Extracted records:
Content starts

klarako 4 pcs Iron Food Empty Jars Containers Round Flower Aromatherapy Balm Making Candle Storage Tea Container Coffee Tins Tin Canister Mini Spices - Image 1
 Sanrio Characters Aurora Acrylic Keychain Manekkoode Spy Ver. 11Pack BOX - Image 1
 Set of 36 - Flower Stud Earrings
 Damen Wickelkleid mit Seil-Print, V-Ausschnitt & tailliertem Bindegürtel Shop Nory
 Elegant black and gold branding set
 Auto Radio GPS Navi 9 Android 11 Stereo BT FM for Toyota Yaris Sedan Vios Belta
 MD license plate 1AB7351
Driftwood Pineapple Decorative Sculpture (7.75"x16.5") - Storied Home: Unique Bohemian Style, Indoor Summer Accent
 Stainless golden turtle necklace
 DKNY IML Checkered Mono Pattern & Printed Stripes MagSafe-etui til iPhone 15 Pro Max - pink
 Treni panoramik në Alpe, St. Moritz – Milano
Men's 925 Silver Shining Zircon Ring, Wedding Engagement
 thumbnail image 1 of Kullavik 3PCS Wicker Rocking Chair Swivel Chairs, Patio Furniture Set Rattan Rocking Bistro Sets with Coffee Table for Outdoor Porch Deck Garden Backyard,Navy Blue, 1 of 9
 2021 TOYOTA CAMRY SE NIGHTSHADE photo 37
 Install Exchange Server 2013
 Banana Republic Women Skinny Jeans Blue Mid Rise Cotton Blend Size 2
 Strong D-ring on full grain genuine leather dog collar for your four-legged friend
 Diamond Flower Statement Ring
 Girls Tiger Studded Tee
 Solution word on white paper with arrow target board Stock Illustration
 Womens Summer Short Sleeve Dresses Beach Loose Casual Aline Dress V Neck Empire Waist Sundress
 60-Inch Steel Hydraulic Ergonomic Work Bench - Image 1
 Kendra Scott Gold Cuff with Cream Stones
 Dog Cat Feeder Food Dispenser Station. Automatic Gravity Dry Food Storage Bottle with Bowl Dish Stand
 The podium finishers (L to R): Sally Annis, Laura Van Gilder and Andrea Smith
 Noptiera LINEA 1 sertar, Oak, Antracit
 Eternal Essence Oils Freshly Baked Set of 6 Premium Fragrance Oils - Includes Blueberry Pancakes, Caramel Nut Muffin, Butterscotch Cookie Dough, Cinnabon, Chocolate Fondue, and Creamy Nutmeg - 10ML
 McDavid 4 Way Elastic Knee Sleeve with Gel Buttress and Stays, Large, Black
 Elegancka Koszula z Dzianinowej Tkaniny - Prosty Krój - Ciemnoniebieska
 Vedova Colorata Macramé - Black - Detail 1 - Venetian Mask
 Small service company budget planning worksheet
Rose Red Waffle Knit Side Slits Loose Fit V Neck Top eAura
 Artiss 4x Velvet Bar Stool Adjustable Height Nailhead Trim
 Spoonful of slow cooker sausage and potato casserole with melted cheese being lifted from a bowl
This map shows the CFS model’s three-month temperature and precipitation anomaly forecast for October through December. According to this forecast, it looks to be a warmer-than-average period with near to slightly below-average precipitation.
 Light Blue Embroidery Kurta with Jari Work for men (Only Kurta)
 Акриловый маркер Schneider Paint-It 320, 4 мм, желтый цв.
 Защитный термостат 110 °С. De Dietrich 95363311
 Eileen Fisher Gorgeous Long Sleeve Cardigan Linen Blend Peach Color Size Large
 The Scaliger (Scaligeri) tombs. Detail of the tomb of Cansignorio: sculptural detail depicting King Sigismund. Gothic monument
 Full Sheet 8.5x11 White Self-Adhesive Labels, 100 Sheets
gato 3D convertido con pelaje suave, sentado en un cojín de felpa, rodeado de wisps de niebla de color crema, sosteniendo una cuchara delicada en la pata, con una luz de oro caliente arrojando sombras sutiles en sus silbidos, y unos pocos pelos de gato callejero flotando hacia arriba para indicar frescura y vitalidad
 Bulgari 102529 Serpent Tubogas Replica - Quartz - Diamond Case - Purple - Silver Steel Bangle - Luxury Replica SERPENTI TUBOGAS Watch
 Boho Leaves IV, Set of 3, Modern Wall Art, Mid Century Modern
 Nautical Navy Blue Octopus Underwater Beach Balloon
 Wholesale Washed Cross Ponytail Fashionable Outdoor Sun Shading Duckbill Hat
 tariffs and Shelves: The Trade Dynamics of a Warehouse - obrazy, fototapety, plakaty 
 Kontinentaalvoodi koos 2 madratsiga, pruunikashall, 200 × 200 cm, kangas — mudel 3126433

Content ends

Work instructions:
Retype exactly, and only, the lines above from the one where "Bulgari 102529 Serpent" occurs up to and including the one where "Nautical Navy Blue" occurs.

Solution for this exercise:
 Bulgari 102529 Serpent Tubogas Replica - Quartz - Diamond Case - Purple - Silver Steel Bangle - Luxury Replica SERPENTI TUBOGAS Watch
 Boho Leaves IV, Set of 3, Modern Wall Art, Mid Century Modern
 Nautical Navy Blue Octopus Underwater Beach Balloon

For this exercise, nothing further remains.